Before Messi arrived and claimed the throne, Dani Alves was the most decorated footballer in the history of the sport, and with 43 trophies accumulated across a career that spanned clubs in Brazil, Spain, Italy, and France, he built a case for himself as the greatest attacking full-back the game has ever produced.

He won trophies with Bahia and Sao Paulo in Brazil, two UEFA Cups with Sevilla, six La Liga titles and three Champions Leagues with Barcelona, a Serie A and Coppa Italia with Juventus, two Ligue 1 titles with Paris Saint-Germain, and five international trophies with Brazil, including two Copa Americas twelve years apart in 2007 and 2019.

What made Alves so remarkable was not just the volume of trophies but the quality of the football that produced them he was a right-back who played with the freedom and ambition of a winger, who could defend when he needed to but who was most truly himself when he was bombing forward, combining with Messi or Neymar or whoever happened to be in front of him and making football look like the most joyful thing in the world.

His time at Barcelona was the peak of it all, eight years of sustained excellence alongside the greatest players of their generation, winning with a frequency and a style that the sport had never quite seen from a full-back before.

1. Lionel Messi – 48 Trophies

Most Successful Footballers by Major Trophies Won

There is no argument here. There is no competing narrative, no asterisk, no counterpoint that holds water under scrutiny. Lionel Messi is the most decorated footballer in the history of the beautiful game with 48 career trophies.

The manner in which that collection was assembled across five decades of professional football, across three continents, across a journey from teenage prodigy at Barcelona to World Cup-winning captain to MLS champion in Miami, is the kind of story that fiction writers would reject as implausible.

He won 34 trophies during his 21 years at Barcelona, a figure that on its own would place him in the upper reaches of this list, before adding three more at Paris Saint-Germain and then, in 2022, achieving the one thing his story had always seemed to be missing: the World Cup.

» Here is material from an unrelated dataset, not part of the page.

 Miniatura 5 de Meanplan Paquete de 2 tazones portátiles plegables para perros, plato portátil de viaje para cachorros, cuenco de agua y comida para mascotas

Argentina’s triumph in Qatar felt almost scripted. Messi’s greatest individual tournament performance arrived at the age of 35 in what looked like his final major international occasion, carrying his country on his back with a quality of football that still makes your breath catch when you watch it back.

He then joined Inter Miami in 2023 and has shown no desire whatsoever to coast. He scored 13 goals in 15 appearances during the current 2026 MLS season, and as of this week, Inter Miami sit second in the Eastern Conference with the World Cup break approaching at the end of May.

He became the second men’s player in history to score 900 career goals earlier this season, and with the 2026 World Cup in North America beginning next month, his Inter Miami boss Javier Mascherano has all but confirmed that Messi will be part of Argentina’s plans as they attempt to defend their FIFA World Cup crown.

He’ll aim to lead Inter Miami to consecutive MLS Cup titles during a season in which they are playing at their new Miami Freedom Park stadium, while the bigger story may be whether Messi can also captain Argentina to back-to-back FIFA World Cup titles this summer.

At 38 years old, carrying himself with the ease of a man a decade younger, Lionel Messi is not finished. The record he holds right now, 48 trophies, the most in the history of professional football, may very well be 49 or 50 before 2026 is done.

He is, without question, the greatest of all time. And the trophy cabinet proves it beyond any argument the world has left to make.


Data compiled as of May 22, 2026. Trophy totals reflect verified career honours across club and international competition.